3 February, 2020

January 2020 change log

Major flespi improvements in January 2020

This is a very strange winter. For the first time ever Belarus does not have any snow on the ground and our lakes are not covered with ice. The temperature in January 2020 is five degrees above average compared to the previous years and this is scary. The whole winter entertainment industry (e.g. production of sleds) has been paused waiting for the next year's weather and this also influences seasonal business a lot. At the same time, the summer in the opposite hemisphere is killing people and nature in Australia with fires never seen before. The world's weather is changing. And I do not think it is going in the right direction.

From the flespi perspective, we try to help here a little bit. Our intentions are to provide high performance, efficient data communication and transformation engine between the GPS trackers, IoT devices, smartphones, asset sensors, and business-specific software, taking all the complexity and all CPU/RAM/IOps-intensive calculations as a part of our service. The contribution to nature is due to cloud-based resources shared between multiple users and of course because of platform implementation in pure C language which is 10-1000 times faster in most operations compared to most popular today .NET, Java or Python frameworks.

january 2020 in belarus

Compared to the global weather changes, flespi hasn't changed much in January. The monthly uptime made up 99.97% and we had only one, but quite a major fault that took 801 seconds to resolve. We implemented multiple regions feature into our services, but made a configuration mistake. A couple of months ago we also implemented the feature that allowed our central configuration service to read itself via HTTP for the configuration, so like other services it updates its configuration via HTTP from this central configuration service once a minute. During the implementation of this feature, the fallback routine in case of problems with newly read configuration was implemented with the bug and actually didn’t work.

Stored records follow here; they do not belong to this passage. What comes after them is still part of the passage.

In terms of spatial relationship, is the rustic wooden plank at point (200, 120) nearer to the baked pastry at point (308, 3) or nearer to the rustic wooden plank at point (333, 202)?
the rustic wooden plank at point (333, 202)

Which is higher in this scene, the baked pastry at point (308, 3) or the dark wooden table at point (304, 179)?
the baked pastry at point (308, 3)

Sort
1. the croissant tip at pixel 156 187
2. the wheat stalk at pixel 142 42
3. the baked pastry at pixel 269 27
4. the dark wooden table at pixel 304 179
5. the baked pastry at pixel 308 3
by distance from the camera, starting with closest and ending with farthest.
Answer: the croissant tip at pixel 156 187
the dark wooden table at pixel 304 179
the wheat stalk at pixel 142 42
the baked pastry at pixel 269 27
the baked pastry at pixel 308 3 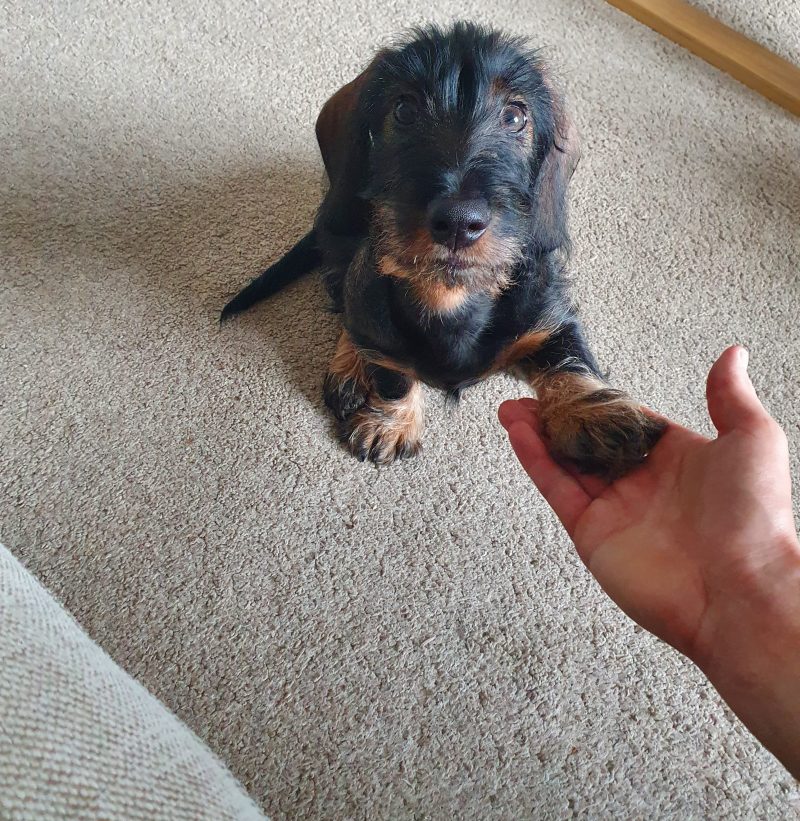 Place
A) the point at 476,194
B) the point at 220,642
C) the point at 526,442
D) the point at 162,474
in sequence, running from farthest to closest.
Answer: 1. the point at 162,474
2. the point at 220,642
3. the point at 526,442
4. the point at 476,194

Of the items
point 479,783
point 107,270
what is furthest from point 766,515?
point 107,270

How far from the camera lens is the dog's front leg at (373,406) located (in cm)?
147

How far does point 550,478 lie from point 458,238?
43cm

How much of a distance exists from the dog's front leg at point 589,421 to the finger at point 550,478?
23 mm

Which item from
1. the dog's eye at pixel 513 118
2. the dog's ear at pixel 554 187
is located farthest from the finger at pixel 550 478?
the dog's eye at pixel 513 118

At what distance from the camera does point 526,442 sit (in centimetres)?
115

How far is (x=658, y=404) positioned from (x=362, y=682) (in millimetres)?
931

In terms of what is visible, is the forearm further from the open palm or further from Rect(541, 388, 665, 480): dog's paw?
Rect(541, 388, 665, 480): dog's paw

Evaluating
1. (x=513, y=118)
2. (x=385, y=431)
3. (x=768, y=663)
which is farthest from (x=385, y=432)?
(x=768, y=663)

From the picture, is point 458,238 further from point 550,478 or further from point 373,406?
point 373,406

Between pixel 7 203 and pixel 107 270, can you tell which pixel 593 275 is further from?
pixel 7 203

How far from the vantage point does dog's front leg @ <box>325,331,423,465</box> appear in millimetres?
1466

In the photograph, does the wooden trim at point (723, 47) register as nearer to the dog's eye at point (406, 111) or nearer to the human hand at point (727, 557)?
the dog's eye at point (406, 111)

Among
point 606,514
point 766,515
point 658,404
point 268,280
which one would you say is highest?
point 766,515
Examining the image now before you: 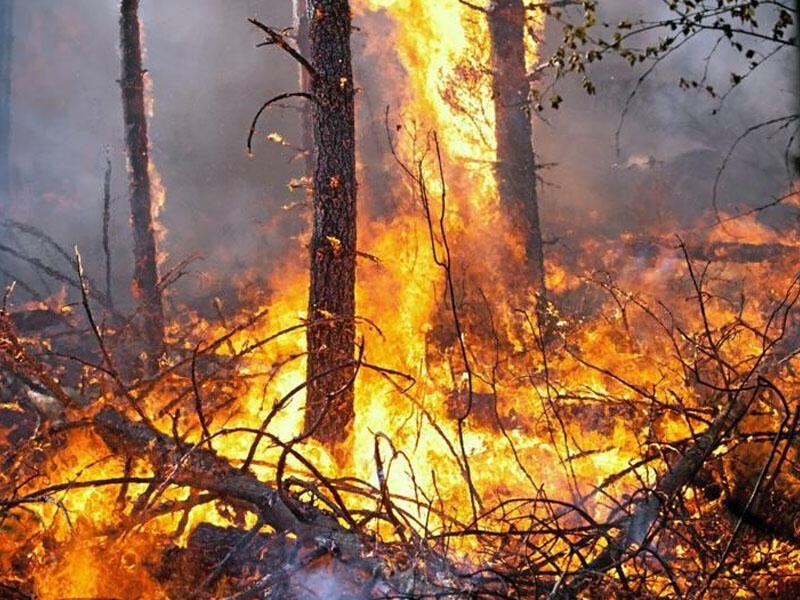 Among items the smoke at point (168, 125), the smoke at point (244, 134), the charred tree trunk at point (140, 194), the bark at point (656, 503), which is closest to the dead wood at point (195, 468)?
the bark at point (656, 503)

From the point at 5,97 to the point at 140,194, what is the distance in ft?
40.3

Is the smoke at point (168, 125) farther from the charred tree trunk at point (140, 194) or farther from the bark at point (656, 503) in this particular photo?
the bark at point (656, 503)

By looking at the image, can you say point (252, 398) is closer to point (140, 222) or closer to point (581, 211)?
point (140, 222)

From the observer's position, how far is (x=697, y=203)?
17.7m

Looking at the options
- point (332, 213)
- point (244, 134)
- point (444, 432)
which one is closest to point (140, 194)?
point (332, 213)

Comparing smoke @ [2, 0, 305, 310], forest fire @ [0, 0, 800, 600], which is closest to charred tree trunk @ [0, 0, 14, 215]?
smoke @ [2, 0, 305, 310]

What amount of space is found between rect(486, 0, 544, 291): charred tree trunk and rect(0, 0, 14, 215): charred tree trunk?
1434cm

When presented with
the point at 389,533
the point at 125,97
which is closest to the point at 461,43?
the point at 125,97

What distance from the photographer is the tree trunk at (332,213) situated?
5.73 metres

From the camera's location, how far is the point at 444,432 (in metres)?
6.11

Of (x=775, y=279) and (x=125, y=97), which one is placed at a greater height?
(x=125, y=97)

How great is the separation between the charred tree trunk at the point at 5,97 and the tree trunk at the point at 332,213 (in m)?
15.5

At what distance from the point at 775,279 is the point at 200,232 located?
13862mm

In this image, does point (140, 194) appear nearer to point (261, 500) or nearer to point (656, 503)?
point (261, 500) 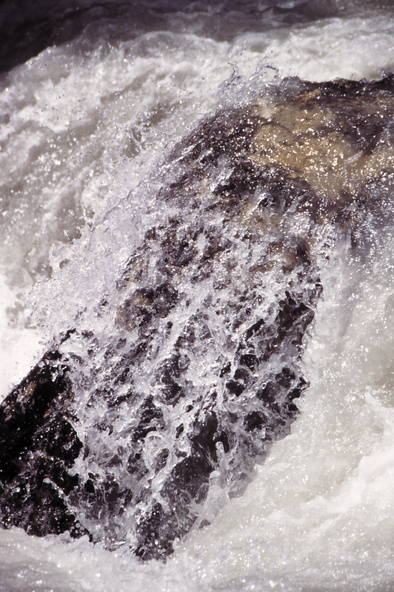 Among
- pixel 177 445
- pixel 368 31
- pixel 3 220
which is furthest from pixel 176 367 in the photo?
pixel 368 31

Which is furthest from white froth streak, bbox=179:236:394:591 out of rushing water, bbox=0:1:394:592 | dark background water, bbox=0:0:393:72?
dark background water, bbox=0:0:393:72

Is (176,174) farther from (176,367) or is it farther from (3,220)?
(3,220)

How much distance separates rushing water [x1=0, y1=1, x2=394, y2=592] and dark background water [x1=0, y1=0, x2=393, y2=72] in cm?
2

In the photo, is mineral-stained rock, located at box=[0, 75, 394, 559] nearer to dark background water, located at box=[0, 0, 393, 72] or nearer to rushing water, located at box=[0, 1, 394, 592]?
rushing water, located at box=[0, 1, 394, 592]

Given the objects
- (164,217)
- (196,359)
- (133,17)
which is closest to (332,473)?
(196,359)

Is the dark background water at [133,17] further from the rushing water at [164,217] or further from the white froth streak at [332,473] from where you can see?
the white froth streak at [332,473]

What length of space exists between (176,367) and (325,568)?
917 millimetres

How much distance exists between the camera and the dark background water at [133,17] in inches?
122

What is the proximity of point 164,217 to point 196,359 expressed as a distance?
617 millimetres

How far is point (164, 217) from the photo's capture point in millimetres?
1908

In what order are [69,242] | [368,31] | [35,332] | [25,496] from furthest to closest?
[368,31], [69,242], [35,332], [25,496]

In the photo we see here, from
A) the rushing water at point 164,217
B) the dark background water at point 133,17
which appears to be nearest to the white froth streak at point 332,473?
the rushing water at point 164,217

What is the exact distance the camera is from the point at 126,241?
1959 mm

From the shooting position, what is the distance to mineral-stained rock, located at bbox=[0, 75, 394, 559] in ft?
5.62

With this configuration mistake, the newer version of services was able to read this new configuration and older wasn’t. Initially, all our services were in the old version i.e. unable to read this configuration. After the new configuration has been committed the main configuration service was unable to parse it and fallback routine due to the bug wasn’t helpful. Main configuration service delivered to other services incorrect (empty) configuration address and all services one-by-one disconnected from it and stopped to pull the configuration. Once services were disconnected the routing system which maps external IP addresses to internal also stopped to operate. Actually even our bots serviced by the same configuration system lost their connections and only one of them was able to provide us a last-minute SOS notification into our SRE group. Only one, but it dragged our attention. In a few minutes, we diagnosed the problem and started performing a manual restart of services in order for them to read the correct address of configuration service and resume normal operation. We did this in four hands loudly shouting in the room — who takes which server, who publishes a manual NOC message — and after several minutes of intensive keyboard strokes, the full set of primary services was up and running. 

After this incident, we made at least four fixes to prevent similar cases in the future and gained a lot of experience. Our apologies — we were really very close to 100% monthly uptime.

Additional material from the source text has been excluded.